# berlin skimmer



## bonesman (Nov 25, 2009)

does a berlin air-lift skimmer work very good


----------



## Pasfur (Mar 29, 2008)

I suspect most people are not even familiar with this skimmer, because it is a very old model, first becoming available in the hobby in the 1980's when skimmers were really just beginning to make their appearance. Do not confuse the Berlin Air Lift Skimmer with the Berlin X2 Venturi Skimmer. 

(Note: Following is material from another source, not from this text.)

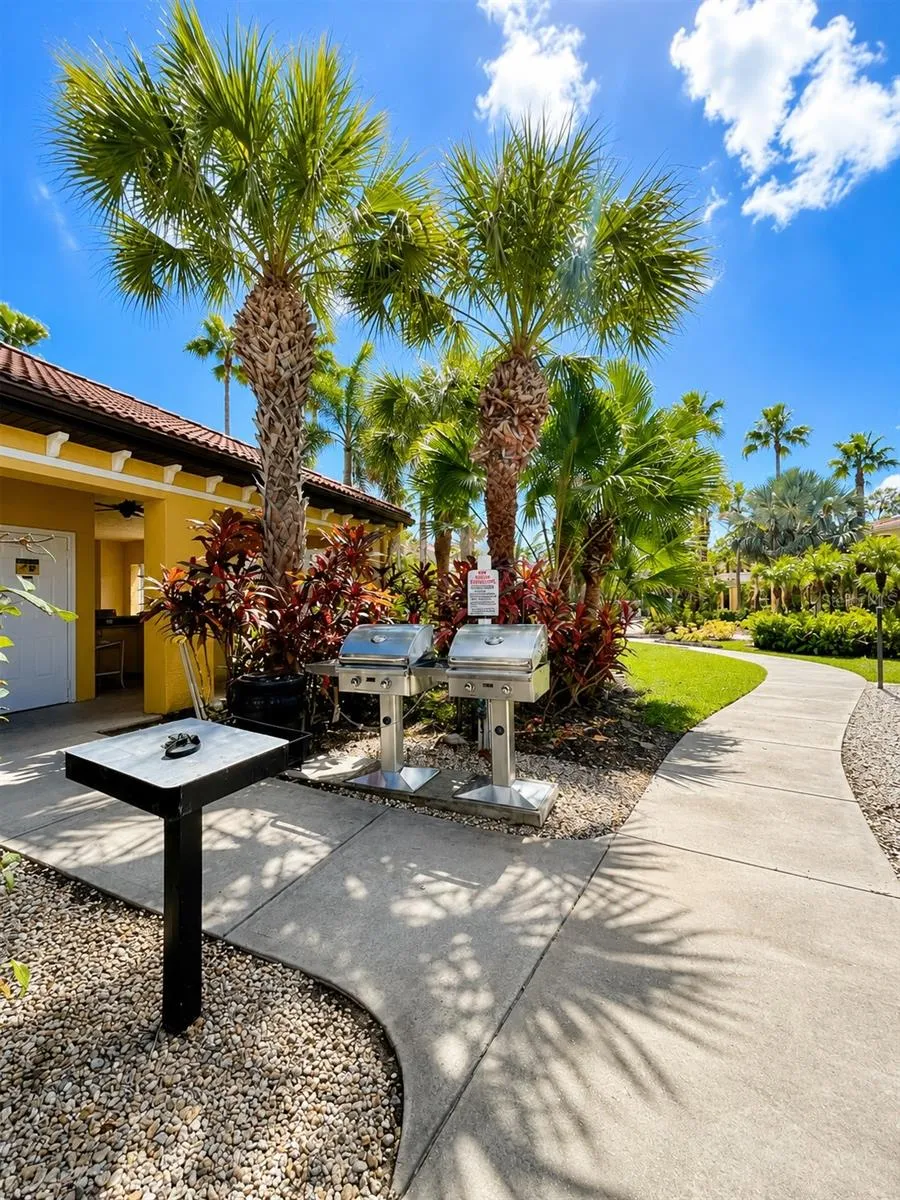 4763 TRAVINI CIRCLE #3-202 Sarasota, FL 34235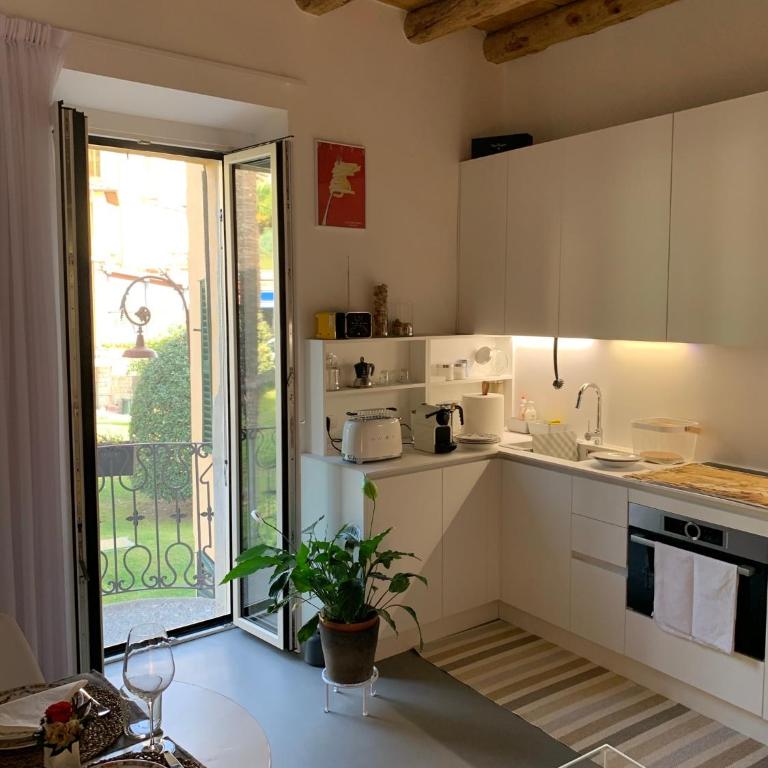 Villa Paola - Holiday Apartment - Menaggio, Lago di Como - Appartamento con 1 Camera da Letto - 6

The Berlin Air Lift skimmer is an internal model, with counter current flow. The bubbles are introduced via a wooden airstone, powered by an air pump. The water flows down the skimmer column, against the air bubbles, hence "counter current". I have used this skimmer on several aquariums in my early years, and for the size I have to say it does not do a bad job, especially if used with a good quality wooden air stone and strong pump, such as a Tetra Luft. Because of its limited neck size, slow water flow, lack of surface skimming, and restricted neck, it is useful ONLY on aquariums of 10 gallons and smaller, which makes it almost obsolete in today's hobby. Plus, the cost of the unit is ridiculously high when you consider the added cost of the air pump. 

The Berlin X2 Venturi (or Turbo) model skimmer is a hang on skimmer (or sump), and is one of the best skimmers on the market today in its price range, especially compared to other hang on units.


----------